A home loan is one of the biggest and largest financial commitments for an average individual in India. The interest rate levied on a home loan is the biggest deciding factor for the final amount you will pay while purchasing your home. While availing of a home loan, you must ask the right questions, such as how to apply for a home loan? Which interest type to choose from? What should be your loan tenor? Various online websites with tools, such as a home loan eligibility calculator, help borrowers find the most suitable interest type and other eligibility criteria for their income. These financial tools help one make informed and right decisions while availing of a home loan in India. The rate of interest levied on a home loan depends on various factors and is bound to slightly differ per the states across India. If you are careful and aware of the factors that regulate interest rates while availing a home loan, you can save a lot of money. Some of the important factors that affect your home loan interest rate are discussed below.
Type of Interest
The most important factor that affects your home loan interest rate is the type of interest rate. One must try their best to choose the right type of interest as per their budget and lender’s availability. There are three types of interest- floating, fixed, and mixed interest. In the floating rate of interest, the interest rate fluctuates per the market, and it is regulated by the Reserve Bank of India, RBI. On the other hand, the fixed interest, as the name suggests, remains constant, and the borrower pays the lender the same interest rate as decided in the agreement. In a mixed interest rate, the borrower pays a fixed rate of interest for the initial period, and then after the agreed terms, the rate of interest changes to the market rate, i.e., payment is done per the floating rate of interest.

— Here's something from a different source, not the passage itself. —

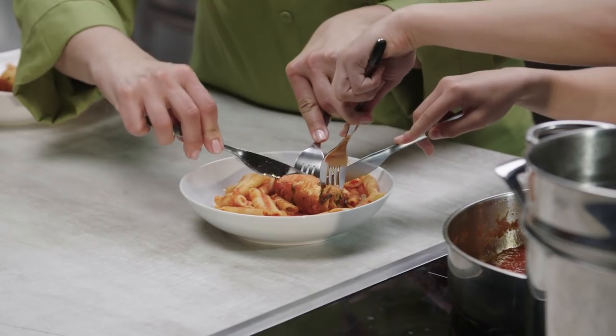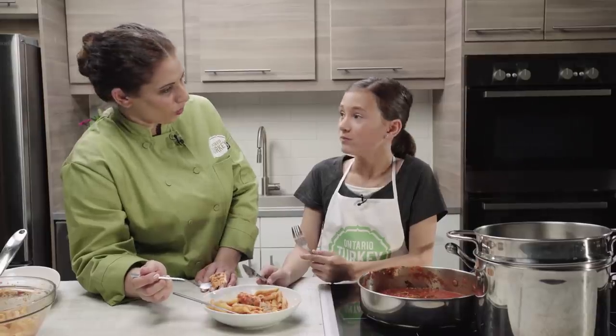Terrific job, Megan. Let's take a bite and see how it tastes. Don't eat the toothpick, okay? Try not to. That's good. You have to eat the whole bowl. I will. The turkey's nice and tender, and the filling gives it a classic Italian flavor, don't you think? Yes, it does. Would you make this for your family? Definitely. Perfect. You can go home with the recipe.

Generally, the floating rate of interest reaps more benefit for the borrower as the rate of interest remains slightly lower than the fixed interest. The lender charges a higher rate of interest when the loan is granted at a fixed rate owing to future risks and other uncertainties.
Down Payment Amount
The size of your down payment is a crucial factor in determining the interest rate. Often the size of the down payment is inversely proportional to the rate of interest, which means that if you have paid a huge amount as a down payment, it is likely that the lender will charge a lower rate of interest on the token amount. Lenders are at less risk when you have a higher stack on property. Furthermore, most lenders charge a higher rate of interest for a higher loan amount. Therefore, it is advisable to pay a higher down payment if you want to reduce your EMI.
Tenor of Loan
A shorter tenor of the loan will help in lowering the interest rate. However, the EMIS will be slightly higher than for a loan with a longer tenor. With tools, such as a home loan eligibility calculator, you can find the best suitable loan tenor for your home loan. When you take a large loan, it has more lending risks and hence, the interest rates are likely to be higher. To lower down your home loan interest rate, opt for a shorter tenor, but the down payment should be high enough so that your monthly EMI does not shoot high.
Location of your Home
The interest rate is also affected by the location in which your property is located. In India, the interest rate slightly varies from state to state, per the infrastructure and living amenities of the area. Many lenders offer different interest rates depending on whether a property is located in an urban and or a rural area. It is commonly believed that urban properties have more resale value, therefore the interest rate charged is less. Properties with lower resale value fetch higher interest rates in the market.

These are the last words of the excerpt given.